Set buffer values for the vertices of a triangle. The context of this example can be seen here.

program.setBuffer('triangle', {
  attribute: 'aVertexPosition',
  value: new Float32Array([0, 1, 0, -1, -1, 0, 1, -1, 0]),
  size: 3
});

Program Method: setBuffers

For each key, value of the object passed in it executes setBuffer(key, value).

Syntax:

program.setBuffers(object);

Arguments:

1. object - (object) An object with key value pairs matching a buffer name and its value respectively.

Examples:

Set buffer values for the vertices of a triangle and a square. The context of this example can be seen here.

program.setBuffers({
  'triangle': {
    attribute: 'aVertexPosition',
    value: new Float32Array([0, 1, 0, -1, -1, 0, 1, -1, 0]),
    size: 3
  },
  
  'square': {
    attribute: 'aVertexPosition',
    value: new Float32Array([1, 1, 0, -1, 1, 0, 1, -1, 0, -1, -1, 0]),
    size: 3
  }
});

Program Method: setFrameBuffer

Creates or binds/unbinds a framebuffer. You can also use this method to bind the framebuffer to a texture and renderbuffers. If the framebuffer already exists then calling setFrameBuffer with true or false as options will bind/unbind the framebuffer. Also, for all properties set to a buffer, these properties are remembered so they’re optional for later calls.

Syntax:

program.setFrameBuffer(name[, options]);

Arguments:

1. name - (string) The name (unique id) of the buffer.
2. options - (mixed) Can be a boolean used to bind/unbind the framebuffer or an object with options/data described below:

Options:

• width - (number) The width of the framebuffer. Default’s 0.
• height - (number) The height of the framebuffer. Default’s 0.
• bindToTexture - (mixed, optional) Whether to bind the framebuffer onto a texture. If false the framebuffer wont be bound to a texture. Else you should provide an object with the same options as in setTexture.
• textureOptions - (object, optional) Some extra options for binding the framebuffer to the texture. Default’s { attachment: gl.COLOR_ATTACHMENT0 }.
• bindToRenderBuffer - (boolean) Whether to bind the framebuffer to a renderbuffer. The width and height of the renderbuffer are the same as the ones specified above.
• renderBufferOptions - (object, optional) Some extra options for binding the framebuffer to the renderbuffer. Default’s { attachment: gl.DEPTH_ATTACHMENT }.

Examples:

Using a frambuffer to render a scene into a texture. Taken from lesson 16.

//create framebuffer
program.setFrameBuffer('monitor', {
  width: screenWidth,
  height: screenHeight,
  bindToTexture: {      
    parameters: [{
      name: 'TEXTURE_MAG_FILTER',
      value: 'LINEAR'
    }, {
      name: 'TEXTURE_MIN_FILTER',
      value: 'LINEAR_MIPMAP_NEAREST',
      generateMipmap: false
    }]
  },
  bindToRenderBuffer: true
});

Program Method: setFrameBuffers

For each key, value of the object passed in it executes setFrameBuffer(key, value).

Syntax:

program.setFrameBuffers(object);

Arguments:

1. object - (object) An object with key value pairs matching a buffer name and its value respectively.

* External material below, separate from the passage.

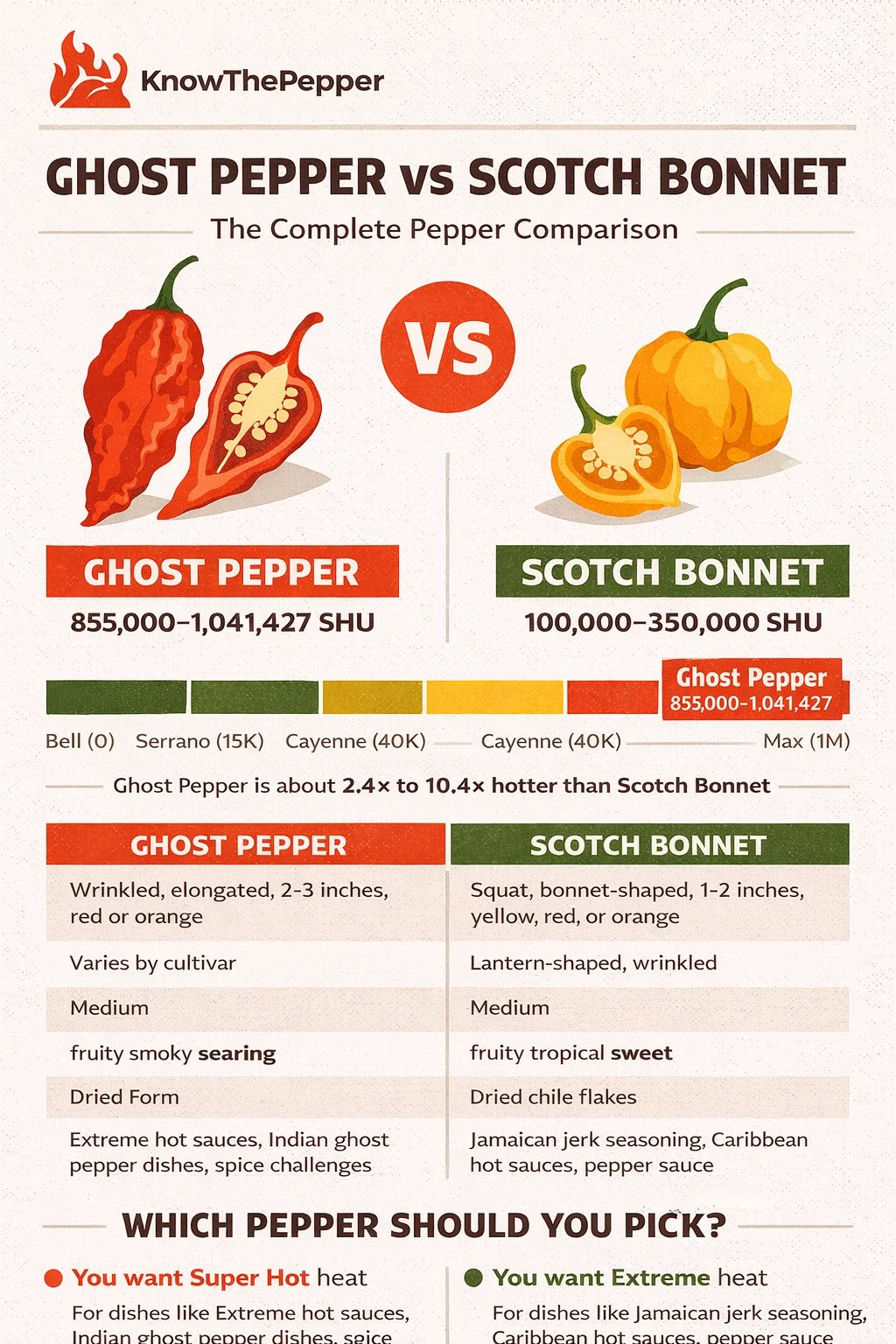 Ghost Pepper and Scotch Bonnet comparison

Program Method: setRenderBuffer

Creates or binds/unbinds a renderbuffer. If the renderbuffer already exists and the second parameter is a boolean it’ll bind or unbind the renderbuffer. Also, for all properties set to a buffer, these properties are remembered so they’re optional for later calls.

Syntax:

program.setRenderBuffer(name[, options]);

Arguments:

1. name - (string) The name (unique id) of the buffer.
2. options - (mixed) Can be a boolean used to bind/unbind the renderbuffer or an object with options/data described below:

Options:

• width - (number) The width of the renderbuffer. Default’s 0.
• height - (number) The height of the renderbuffer. Default’s 0.
• storageType - (enum, optional) The storage type. Default’s gl.DEPTH_COMPONENT16.

Program Method: setRenderBuffers

For each key, value of the object passed in it executes setRenderBuffer(key, value).

Syntax:

program.setRenderBuffers(object);

Arguments:

1. object - (object) An object with key value pairs matching a buffer name and its value respectively.

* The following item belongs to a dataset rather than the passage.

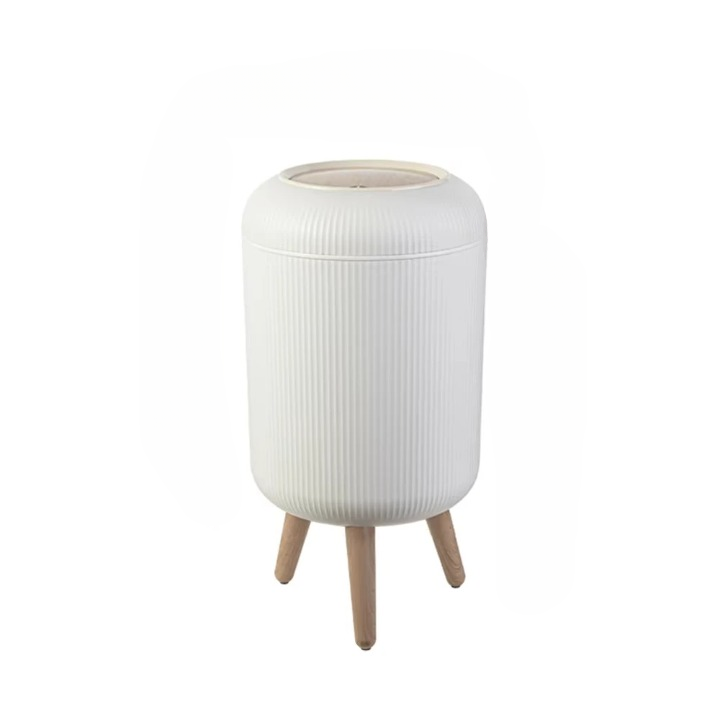 Wooden High Foot Trash Can with Press Cover – EcoBin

Program Method: setTexture

This method is used to either bind/unbind an existing texture or also to create a new texture form an Image element or to create an empty texture with specified dimensions. Also, for all properties set to a texture, these properties are remembered so they’re optional for later calls.

Syntax:

program.setTexture(name[, options]);

Arguments:

1. name - (string) The name (unique id) of the texture.
2. options - (mixed) Can be a boolean or enum used to bind/unbind the texture (or set the enum as active texture) or an object with options/data described below:

Options:

• textureType - (enum, optional) The texture type used to call gl.bindTexture with. Default’s gl.TEXTURE_2D.

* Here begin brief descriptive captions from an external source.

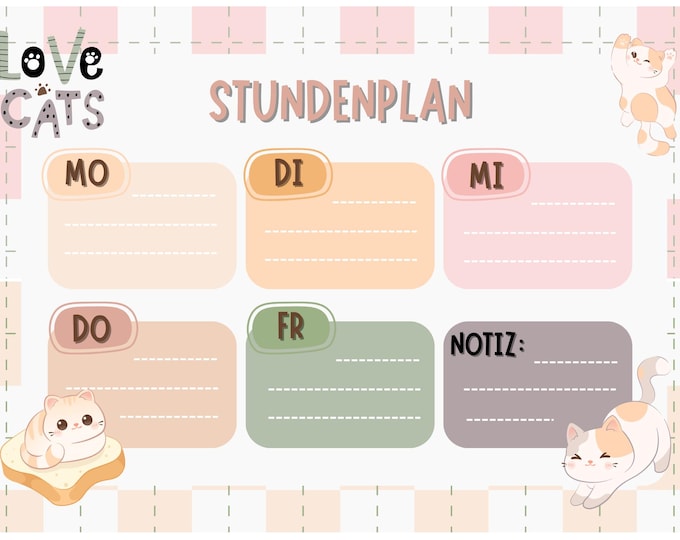 Digitale Vorlagen Stundenplan
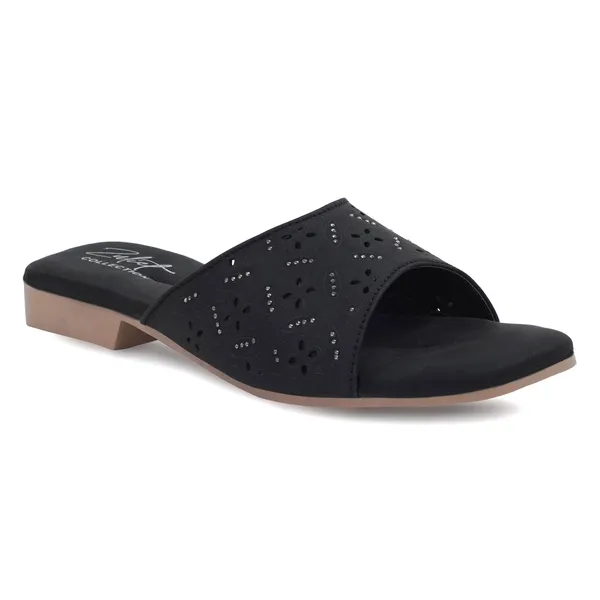 Black_Synthetic_Leather_Perforated_Slip-On_Sandals_For_Women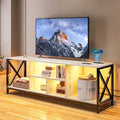 White LED TV Stand with Charging Station and Storage Cabinet J2733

• pixelStore - (array, optional) An array of objects with name, value options to be set with gl.pixelStorei calls. Default’s [{ name: gl.UNPACK_FLIP_Y_WEBGL, value: true }].

• parameters - (array, optional) An array of objects with nane, value options to be set with gl.texParameteri. Default’s [{ name: gl.TEXTURE_MAG_FILTER, value: gl.NEAREST }, { name: gl.TEXTURE_MIN_FILTER, value: gl.NEAREST }].

• data - (object, optional) An object with properties described below:

  • format - (enum, optional) The format used for gl.texImage2D calls. Default’s gl.RGBA.
  • value - (object, optional) If set to an Image object then this image will be used to fill the texture. Default’s false. If no image is set then we might want to set the width and height of the texture.
  • width - (number, optional) The width of the texture. Default’s 0.
  • height - (number, optional) The height of the texture. Default’s 0.
  • border - (number, optional) The border of the texture. Default’s 0.

Examples:

Setting a texture for a box. Adapted from lesson 6.

var img = new Image();

img.onload = function() {
  program.setTexture('nearest', {
    data: {
      value: img
    }
  });
};

img.src = 'path/to/image.png';

Program Method: setTextures

For each key, value of the object passed in it executes setTexture(key, value).

Syntax:

program.setTextures(object);

Arguments:

1. object - (object) An object with key value pairs matching a texture name and its value respectively.

Examples:

Set multiple type of textures from the same image. Taken from lesson 6.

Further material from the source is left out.